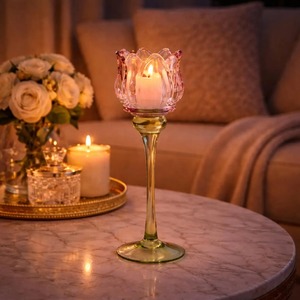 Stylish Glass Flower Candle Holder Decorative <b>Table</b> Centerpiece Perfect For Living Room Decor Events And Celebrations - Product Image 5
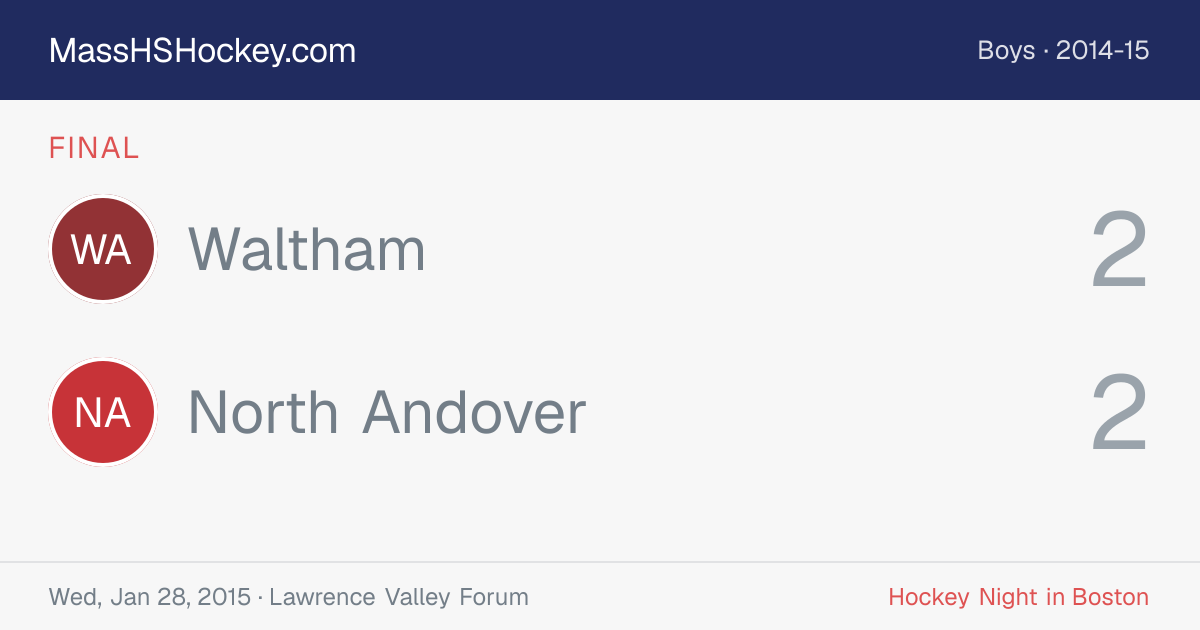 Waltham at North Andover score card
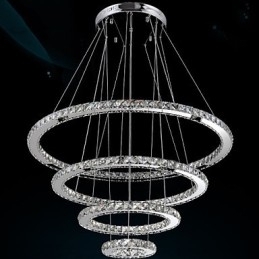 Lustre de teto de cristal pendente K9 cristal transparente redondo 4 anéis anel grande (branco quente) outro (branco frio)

——————

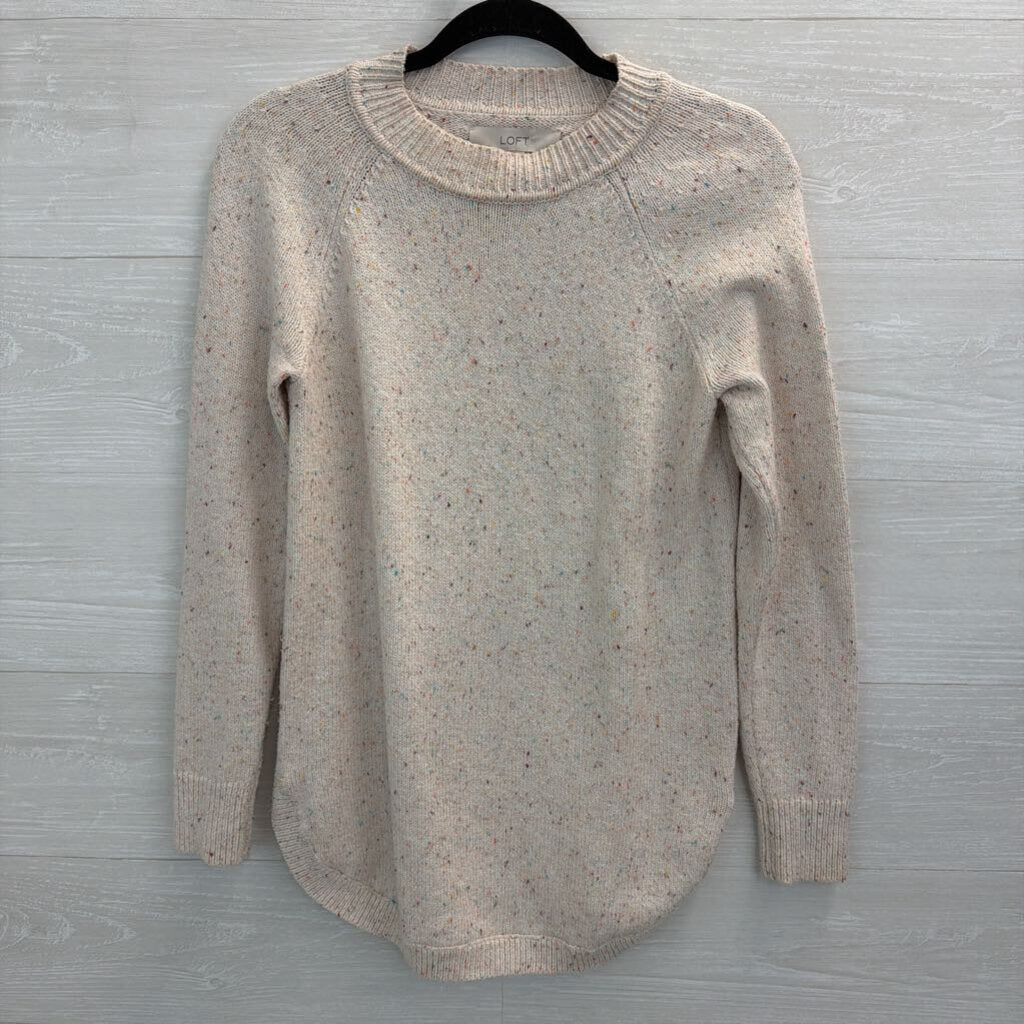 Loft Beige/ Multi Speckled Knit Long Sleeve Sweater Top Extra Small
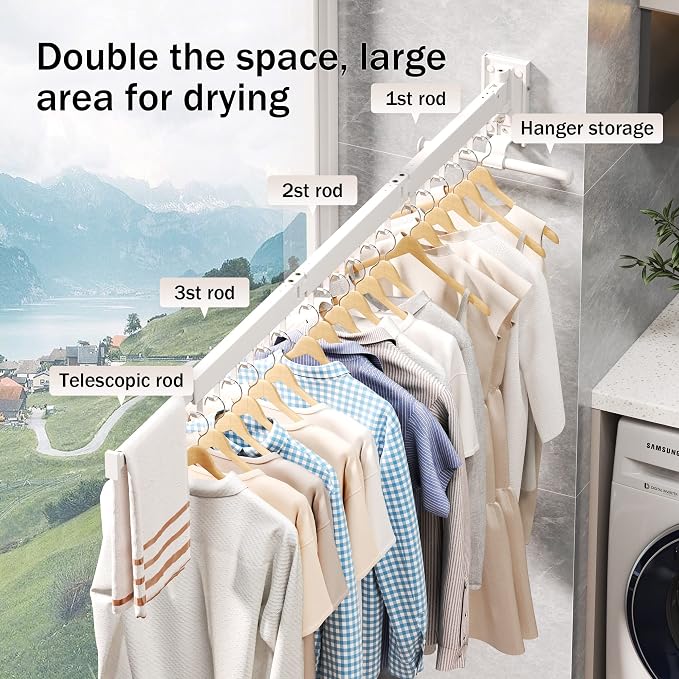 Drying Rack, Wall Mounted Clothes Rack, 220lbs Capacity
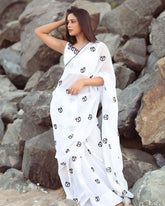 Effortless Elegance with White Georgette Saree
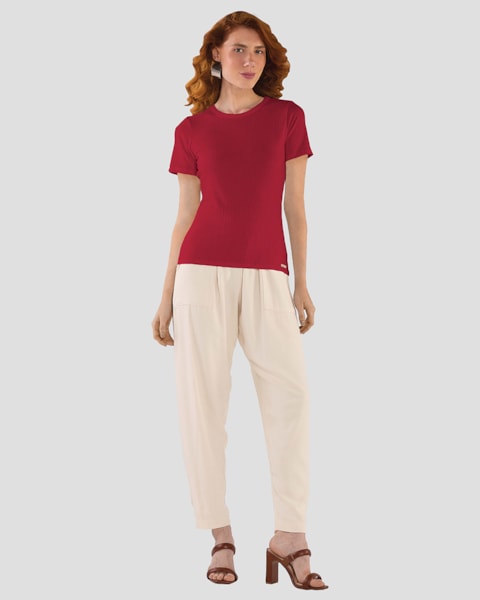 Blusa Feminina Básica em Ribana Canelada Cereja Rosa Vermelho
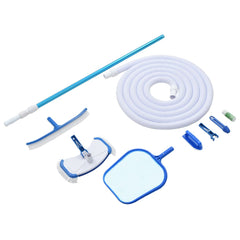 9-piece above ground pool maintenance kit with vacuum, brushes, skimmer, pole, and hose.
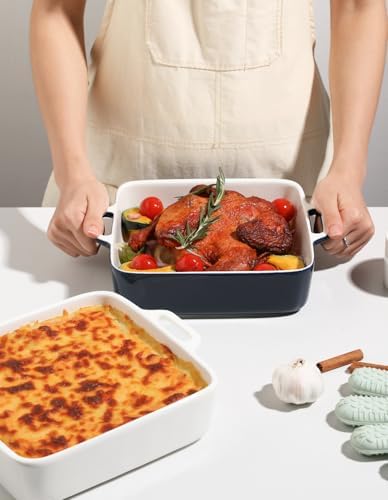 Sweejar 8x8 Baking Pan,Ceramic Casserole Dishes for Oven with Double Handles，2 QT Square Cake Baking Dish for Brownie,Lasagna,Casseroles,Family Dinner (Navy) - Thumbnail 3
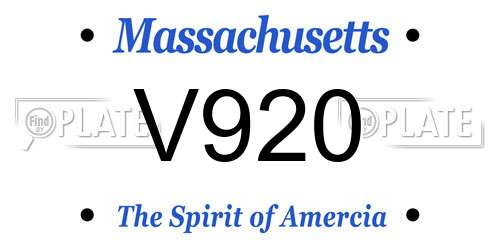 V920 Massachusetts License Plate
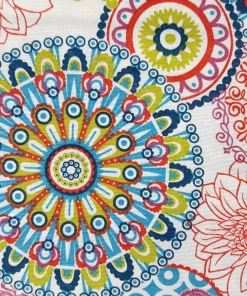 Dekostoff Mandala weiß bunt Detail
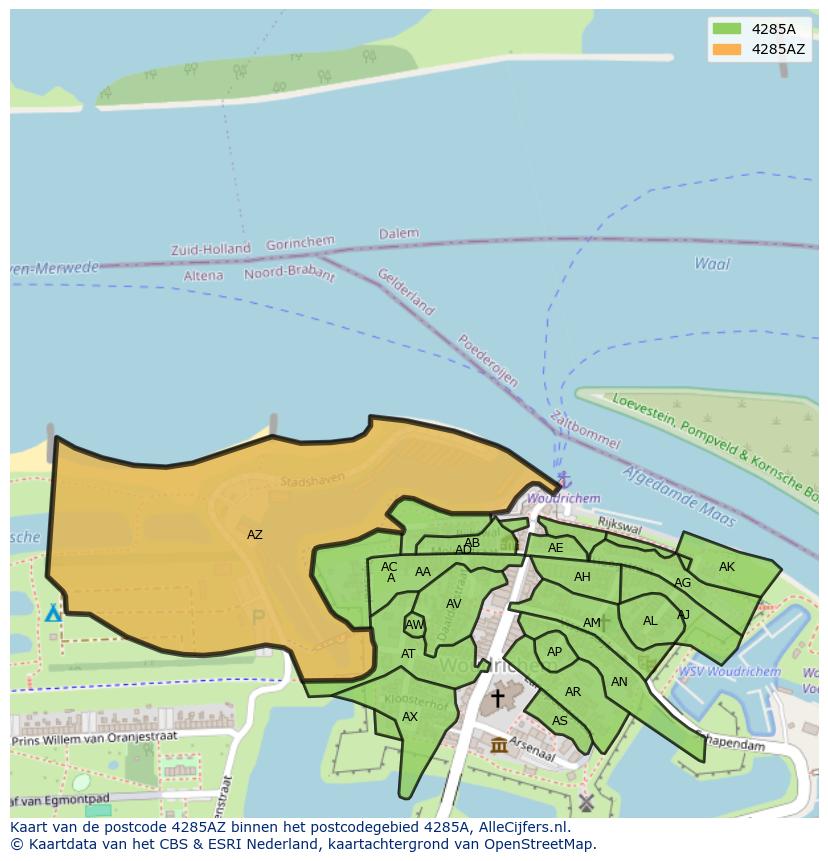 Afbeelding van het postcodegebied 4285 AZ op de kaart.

——————

- **Task prompt**
From the records above, transcribe only the stretch from the line with "Waltham at North Andover score card" through the line with "Lustre de teto", keeping both ends. Omit pictures.

- **Exercise solution**
 Waltham at North Andover score card
 Lustre de teto de cristal pendente K9 cristal transparente redondo 4 anéis anel grande (branco quente) outro (branco frio)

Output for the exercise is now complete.